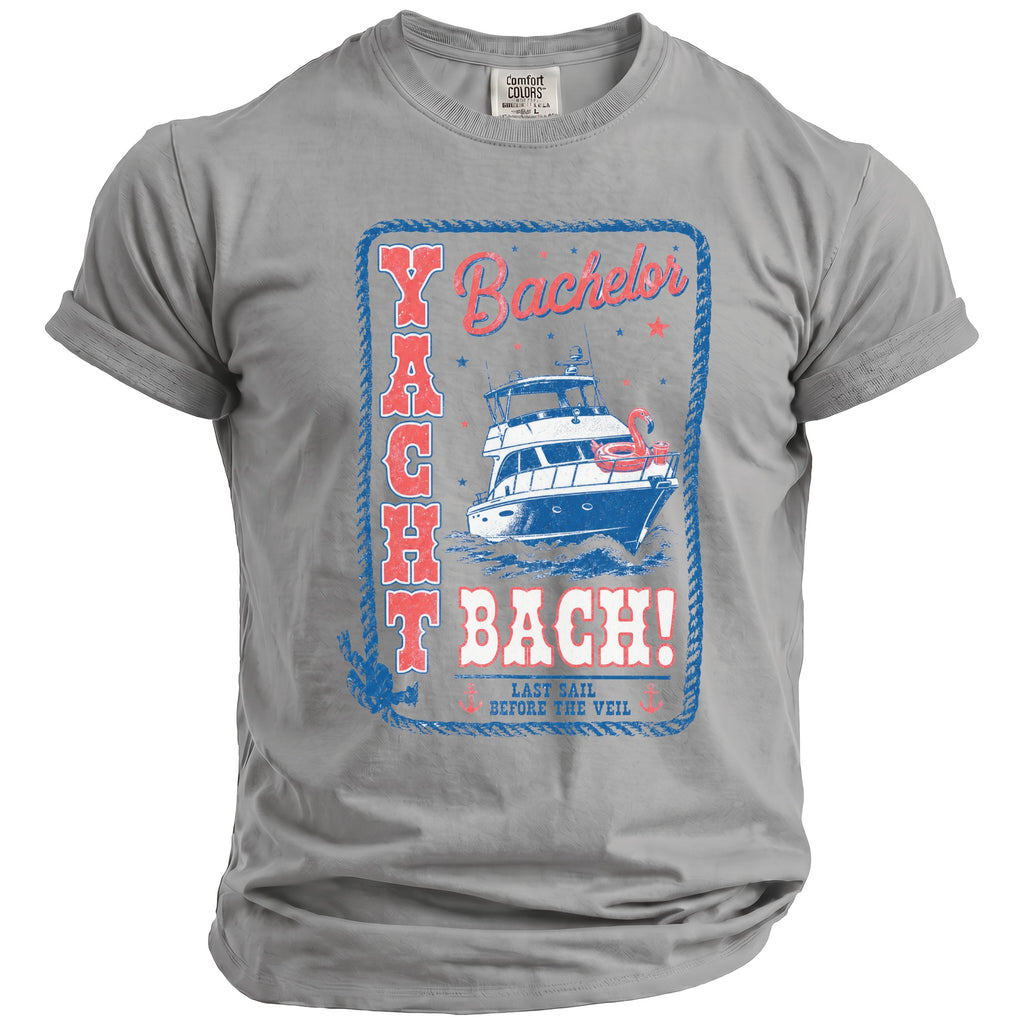 Grey crewneck t-shirt with a vintage-style nautical graphic featuring a yacht and text reading Yacht Bach.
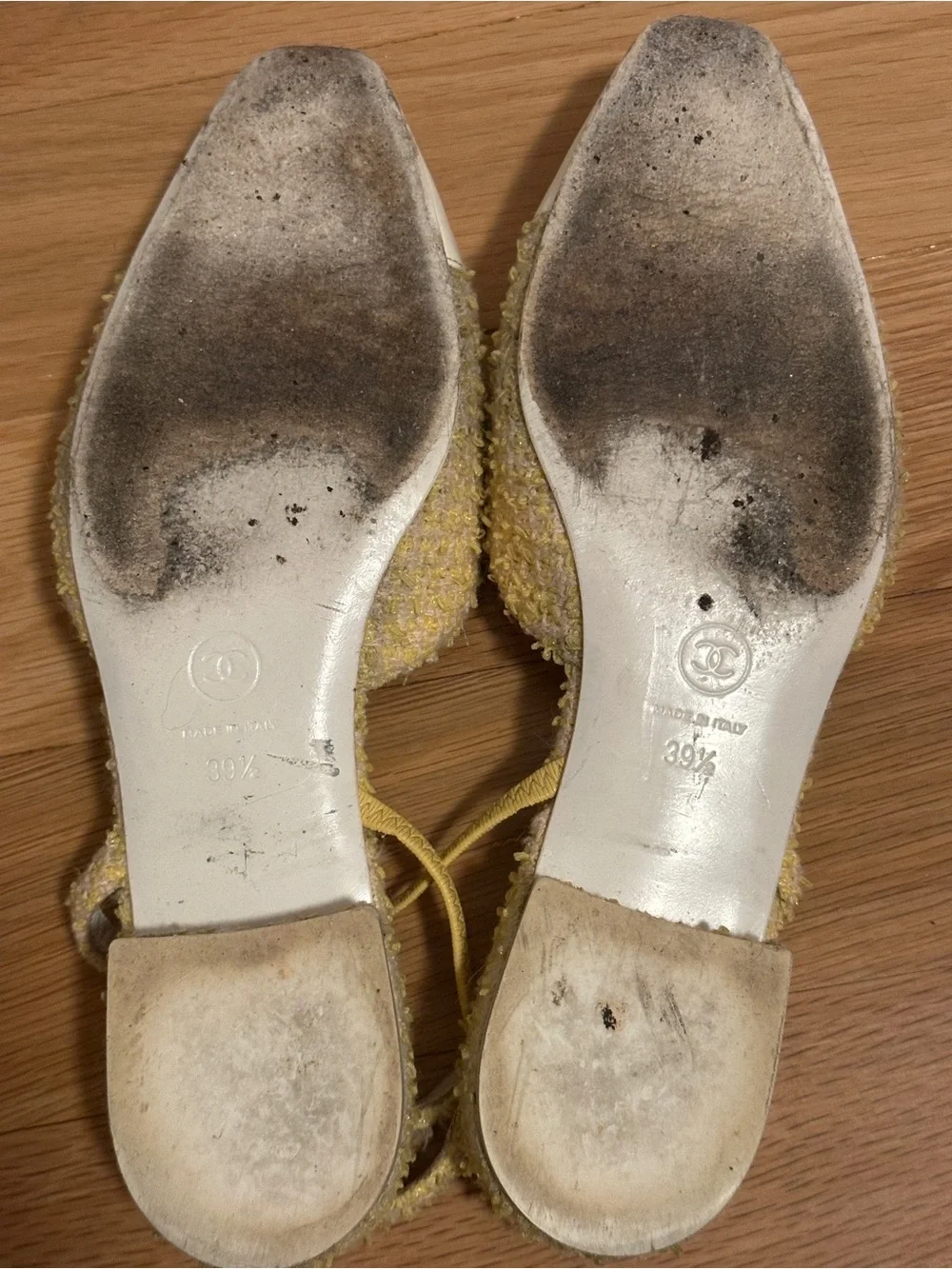 CHANEL Yellow Tweed and White Cap-Toe Slingback Mules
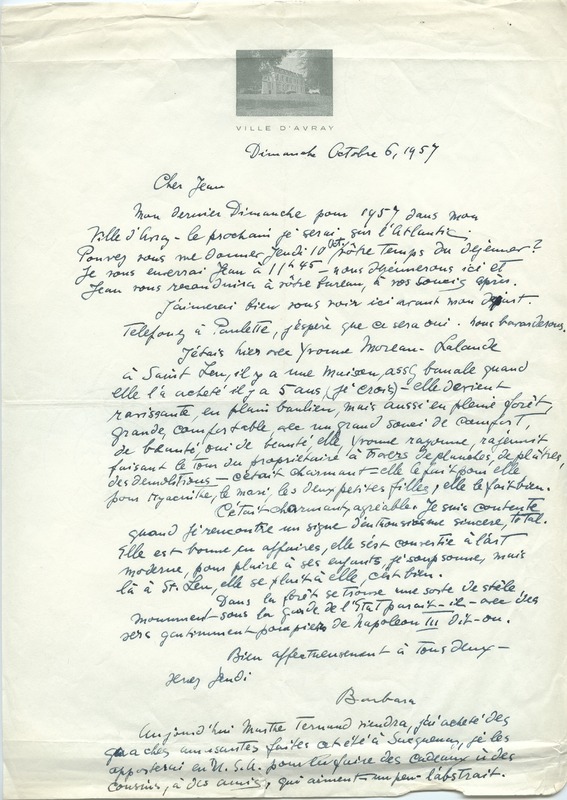 Lettre de Barbara Church à Jean Paulhan (6 octobre 1957)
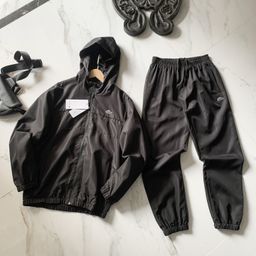 thumbnail for Cross-border foreign trade Lac crocodile leather label British old money style business casual sportssuit hooded jacket trousers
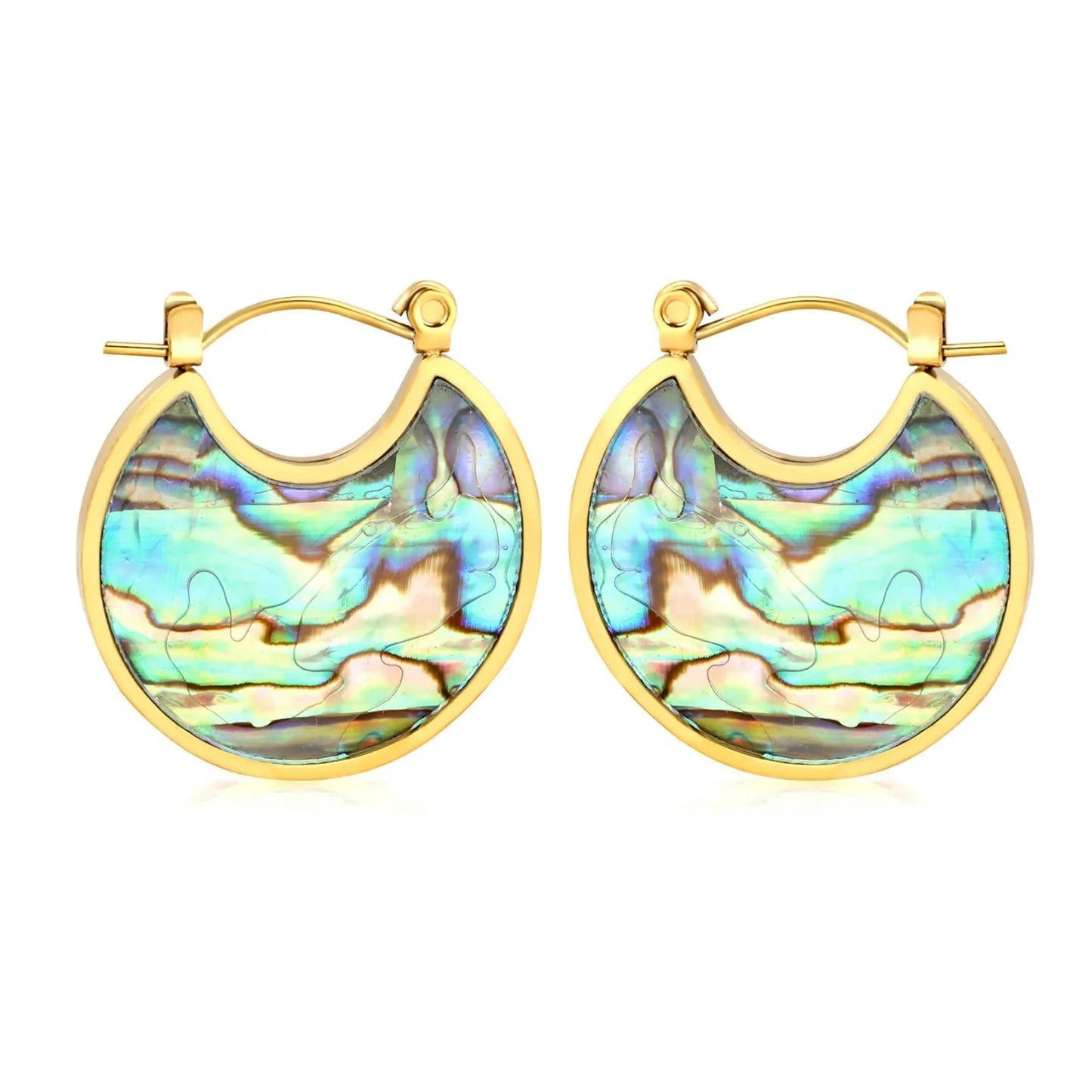 Waterproof Stainless Steel Shell Hoops | Retro Abalone Jewelry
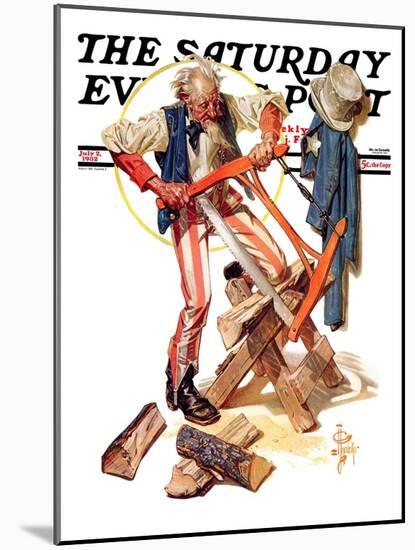 "Uncle Sam Sawing Wood," Saturday Evening Post Cover, July 2, 1932-Joseph Christian Leyendecker-Mounted Giclee Print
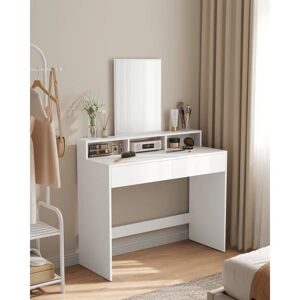 Ebern Designs Merujan 100 cm Dressing Table with Mirror brown/white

────────────────────────────────────────

▸ Exercise goal: From the line with "thumbnail for Cross-border" through the end of the listing, write out every line exactly, leaving out the pictures.

▸ Exercise solution:
 thumbnail for Cross-border foreign trade Lac crocodile leather label British old money style business casual sportssuit hooded jacket trousers
 Waterproof Stainless Steel Shell Hoops | Retro Abalone Jewelry
 "Uncle Sam Sawing Wood," Saturday Evening Post Cover, July 2, 1932-Joseph Christian Leyendecker-Mounted Giclee Print
 Ebern Designs Merujan 100 cm Dressing Table with Mirror brown/white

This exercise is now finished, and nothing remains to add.